(Beginning of Provided information)

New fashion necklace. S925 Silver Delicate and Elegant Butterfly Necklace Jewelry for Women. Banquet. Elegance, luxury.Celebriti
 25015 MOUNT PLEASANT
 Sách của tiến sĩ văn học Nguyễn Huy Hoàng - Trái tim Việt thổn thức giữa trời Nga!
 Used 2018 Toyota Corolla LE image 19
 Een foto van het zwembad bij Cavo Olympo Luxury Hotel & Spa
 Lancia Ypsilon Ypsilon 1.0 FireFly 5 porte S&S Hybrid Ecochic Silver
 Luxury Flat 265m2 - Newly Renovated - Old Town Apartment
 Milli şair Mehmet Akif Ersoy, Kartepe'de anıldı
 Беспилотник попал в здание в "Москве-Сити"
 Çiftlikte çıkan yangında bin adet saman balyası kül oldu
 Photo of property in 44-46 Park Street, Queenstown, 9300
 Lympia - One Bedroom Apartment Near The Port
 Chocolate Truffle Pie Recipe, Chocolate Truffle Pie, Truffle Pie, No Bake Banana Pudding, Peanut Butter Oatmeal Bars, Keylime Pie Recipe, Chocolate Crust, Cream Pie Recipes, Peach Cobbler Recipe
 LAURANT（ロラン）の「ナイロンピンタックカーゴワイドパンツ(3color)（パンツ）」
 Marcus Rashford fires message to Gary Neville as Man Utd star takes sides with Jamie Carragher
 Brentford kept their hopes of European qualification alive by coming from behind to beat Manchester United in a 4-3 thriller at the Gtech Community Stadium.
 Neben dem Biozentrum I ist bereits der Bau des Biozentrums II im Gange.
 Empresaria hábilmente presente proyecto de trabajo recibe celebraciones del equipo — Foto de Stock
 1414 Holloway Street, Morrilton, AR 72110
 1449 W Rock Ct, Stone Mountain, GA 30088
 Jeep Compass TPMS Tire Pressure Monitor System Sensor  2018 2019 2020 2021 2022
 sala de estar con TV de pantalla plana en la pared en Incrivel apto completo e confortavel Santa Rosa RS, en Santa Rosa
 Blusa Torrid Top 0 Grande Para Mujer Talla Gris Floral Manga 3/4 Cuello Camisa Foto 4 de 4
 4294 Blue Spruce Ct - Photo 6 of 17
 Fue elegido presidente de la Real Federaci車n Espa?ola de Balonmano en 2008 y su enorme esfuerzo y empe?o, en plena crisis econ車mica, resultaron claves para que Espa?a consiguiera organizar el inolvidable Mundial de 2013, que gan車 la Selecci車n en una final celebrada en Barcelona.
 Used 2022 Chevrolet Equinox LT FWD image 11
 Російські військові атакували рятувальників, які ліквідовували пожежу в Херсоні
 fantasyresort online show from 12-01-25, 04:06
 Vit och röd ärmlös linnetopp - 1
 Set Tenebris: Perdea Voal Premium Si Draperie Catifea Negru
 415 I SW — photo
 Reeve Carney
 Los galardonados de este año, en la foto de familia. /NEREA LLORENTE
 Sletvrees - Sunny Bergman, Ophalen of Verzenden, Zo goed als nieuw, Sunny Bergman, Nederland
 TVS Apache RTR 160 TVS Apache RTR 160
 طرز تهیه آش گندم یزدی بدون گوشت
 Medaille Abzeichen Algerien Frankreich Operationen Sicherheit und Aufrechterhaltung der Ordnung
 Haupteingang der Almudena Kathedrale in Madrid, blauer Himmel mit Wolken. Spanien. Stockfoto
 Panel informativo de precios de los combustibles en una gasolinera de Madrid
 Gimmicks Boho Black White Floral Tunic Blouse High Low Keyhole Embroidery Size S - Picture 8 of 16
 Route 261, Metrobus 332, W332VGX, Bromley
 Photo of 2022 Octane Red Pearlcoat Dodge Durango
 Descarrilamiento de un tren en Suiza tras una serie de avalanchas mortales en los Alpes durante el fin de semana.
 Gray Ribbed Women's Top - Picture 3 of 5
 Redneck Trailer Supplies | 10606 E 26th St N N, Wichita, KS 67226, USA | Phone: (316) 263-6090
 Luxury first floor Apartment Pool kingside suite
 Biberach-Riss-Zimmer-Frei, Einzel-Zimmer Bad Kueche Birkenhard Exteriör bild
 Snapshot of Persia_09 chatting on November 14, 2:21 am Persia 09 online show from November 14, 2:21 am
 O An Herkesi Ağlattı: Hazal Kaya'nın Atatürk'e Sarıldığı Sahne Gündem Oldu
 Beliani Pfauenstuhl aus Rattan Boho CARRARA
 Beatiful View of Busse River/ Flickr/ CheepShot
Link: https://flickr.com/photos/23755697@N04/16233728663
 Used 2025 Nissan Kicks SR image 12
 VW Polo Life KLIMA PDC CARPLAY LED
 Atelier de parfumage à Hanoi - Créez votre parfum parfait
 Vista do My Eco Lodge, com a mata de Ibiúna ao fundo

(End of Provided information)

#### Problem requirements:
Report each line of the data that includes the string "from".

#### Result for this task:
 Brentford kept their hopes of European qualification alive by coming from behind to beat Manchester United in a 4-3 thriller at the Gtech Community Stadium.
 fantasyresort online show from 12-01-25, 04:06
 Snapshot of Persia_09 chatting on November 14, 2:21 am Persia 09 online show from November 14, 2:21 am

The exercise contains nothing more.